To begin one considers how linear maps on finite dim spaces compare and relate. I am reading that of linear maps $T_i: V \to W $, they can be compared via
$$T_2U_2 = U_1T_1$$ for some invertible map $U_1: V \to W$ and $U_2: W \to V.$ This formulation suggests a square commutative diagram. IN other words, linear maps differed by an invertible map leads to the study of diagoalization.
Now my question is, why can't the relation be $T_1 = T_2 U_1$? And to get back $T_1$ we take the inverse of $U_1$.

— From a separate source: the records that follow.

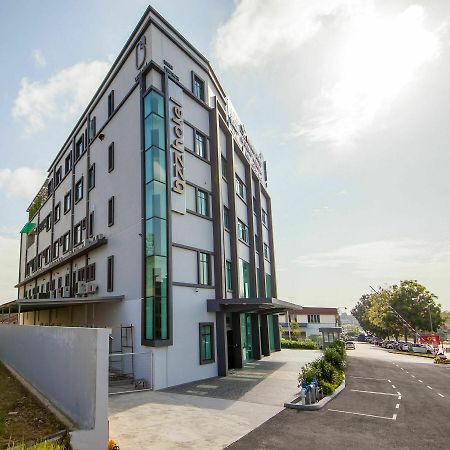 Bzz Hotel Скудай Екстериор снимка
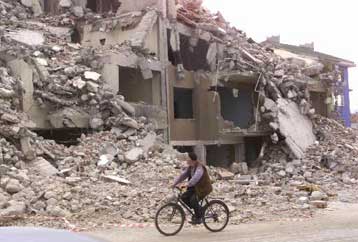 Σεισμική δόνηση 5 Ρίχτερ τρομάζει τους κατοίκους της Σμύρνης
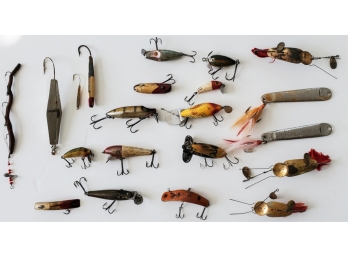 (20) ASSORTED VINTAGE FISHING LURES
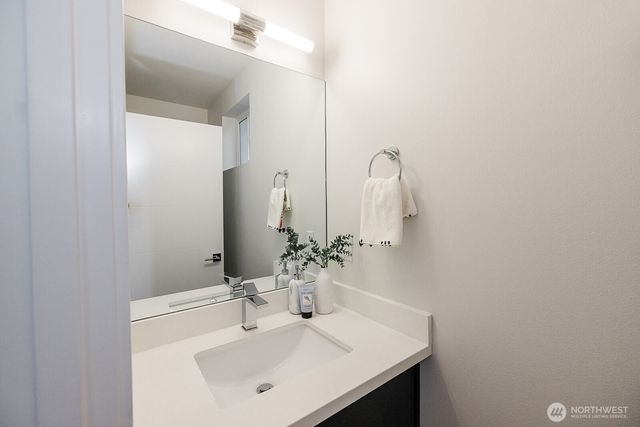 522 N 104th Street, Seattle, WA 98133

Consider $T_1,T_2:\mathbb R^2\to\mathbb R^2$ defined by \begin{align} T_1(x,y) &= (x,0)\\ T_2(x,y) &= (0,y), \end{align} with $x$ and $y$ nonzero. An invertible map $U_1:\mathbb R^2\to\mathbb R^2$ is of the form $$U_1(x,y) = (ax+by, cx+dy), $$ with $ad-bc\ne0$. So for $(x,y)\in\mathbb R^2$ we have $$T_2U_1(x,y) = T_2(ax+by,cx+dy) = (0, cx+dy), $$ which shows that $T_2U_1\ne T_1$.